Trusting the Data Flows Across the IIoT Infrastructure
Data reliability can also be impacted by other elements of the IIoT infrastructure. Gateways or switches, for example, can introduce the same problems as a sensor -- has the Gateway that was originally authorized been compromised in some way? Has a switch gone down so that data cannot be transported from a sensor to the analytics engine? Every transmission point creates the potential for disruption to predictable data flows.
And then there is the network itself.
Most sensors connect to their network via WiFi protocols, so keeping abreast of connectivity status can be difficult. Without the appropriate tools, monitoring whether all devices are connected and quickly rectifying issues when they do occur is impossible.
But the issues presented by lack of connectivity or changing connectivity go further.
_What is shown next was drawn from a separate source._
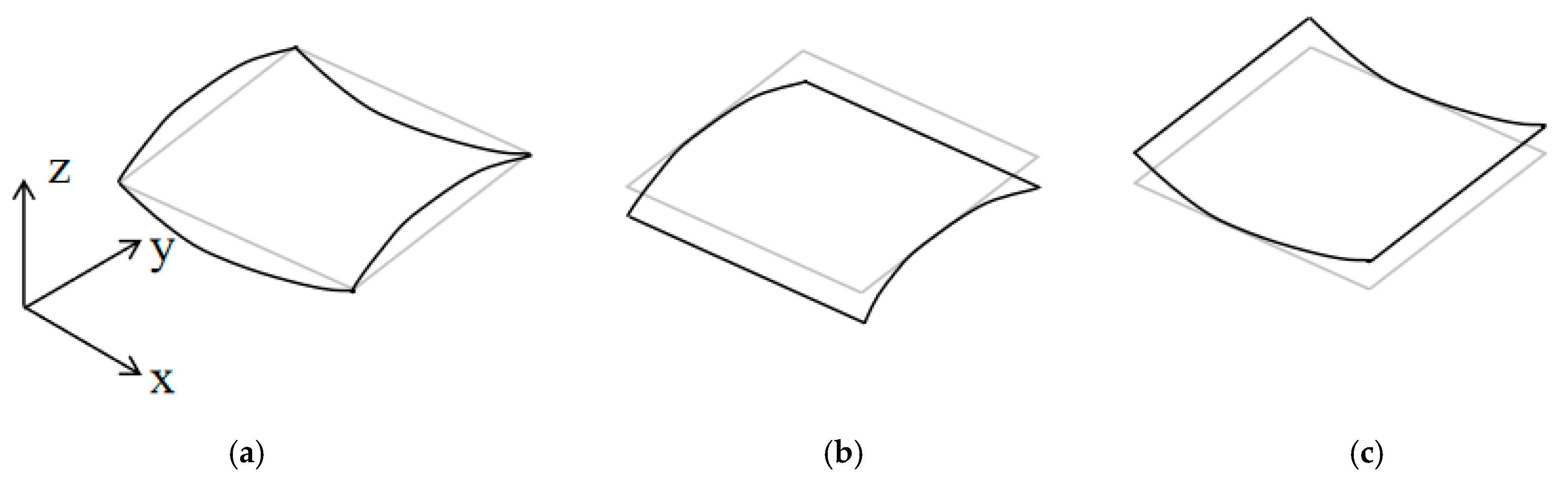 Machines 11 00318 g001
When a disconnected device re-establishes connectivity or changes its connection point, it needs to be re-authenticated to ensure the integrity of the data, maintaining system-level trust.
It’s obvious to any network or system designer that the available bandwidth must be sufficient to transport the information the system is implemented to collect. But it’s equally apparent that unlimited bandwidth is far from free, so industrial networks must be deployed with a practical level of capacity.
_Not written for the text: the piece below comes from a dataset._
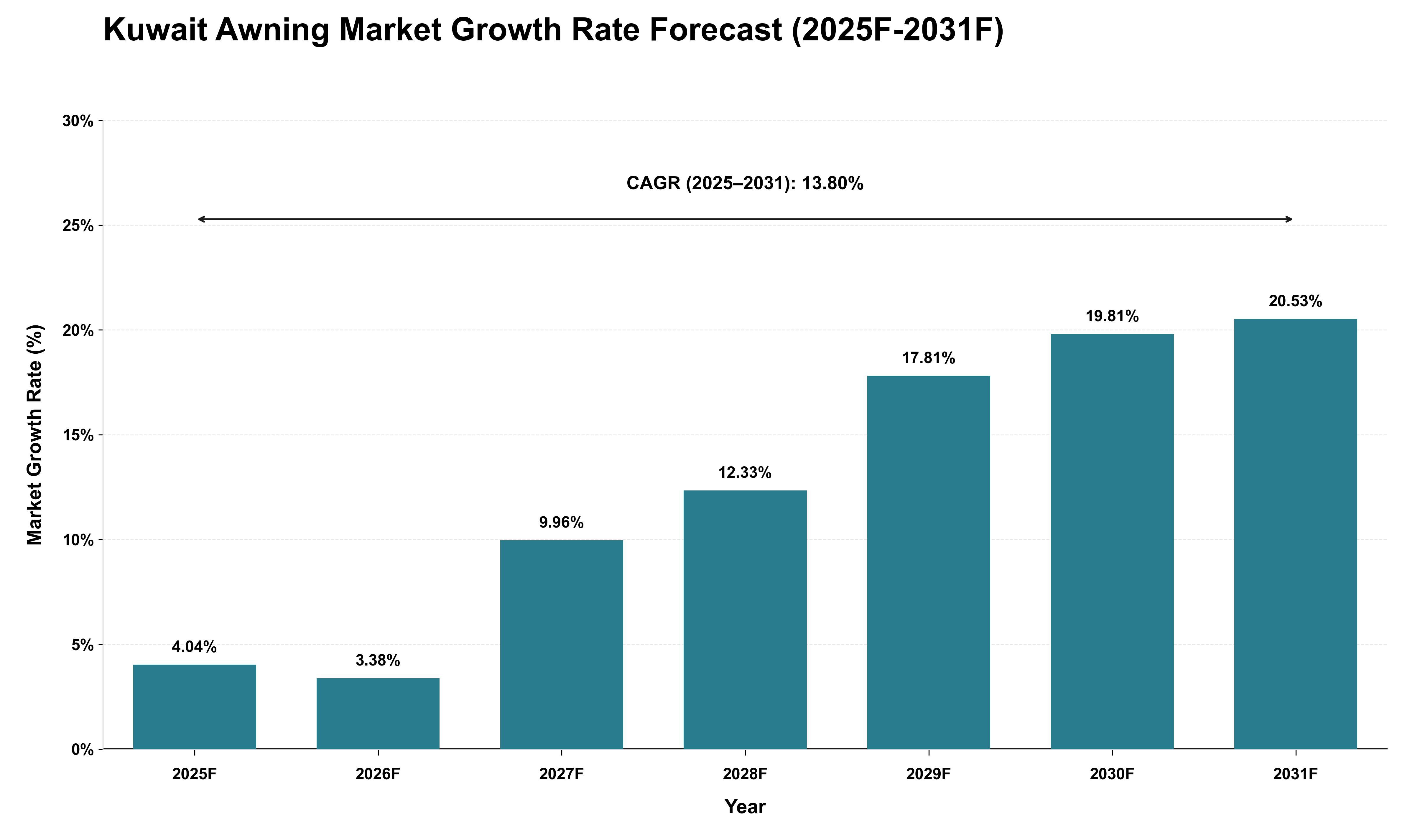 Kuwait Awning Market Growth Rate Analysis (2025 - 2031)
When data flows are unpredictable, particularly in operational settings when data are only transmitted based on event-based triggers, it can be difficult for both system designers and operational managers to ensure that their bandwidth is optimized. If not optimized, these bursts in the data stream can easily overwhelm the available bandwidth, again leading to data loss and inaccurate analytic results.
Finally, there is the last mile of the journey for operational data to reach its authorized data store and analytics environment. While data from sensors or actuators may seem less critical than customer or financial data, there continues to be the need to protect and monitor the uses of the valuable data you’ve collected. In particular, video data that includes images of employees may be restricted in its usage, and the restrictions frequently vary by state and country. The ability to set and maintain policies on data endpoints is the critical final step in establishing the reliability of your data throughout its lifecycle.
Bad Data Limits Upside Potential
Calculation of the trustworthiness of the data requires that we have to measure all points - systems or devices generating the data, the network transporting the data, the communication links, the process of collecting the data, and the people associated in any or all of these points to achieve the business goals we set for our initiatives.
Data reliability in industrial systems is key to maximizing the returns of IIoT projects.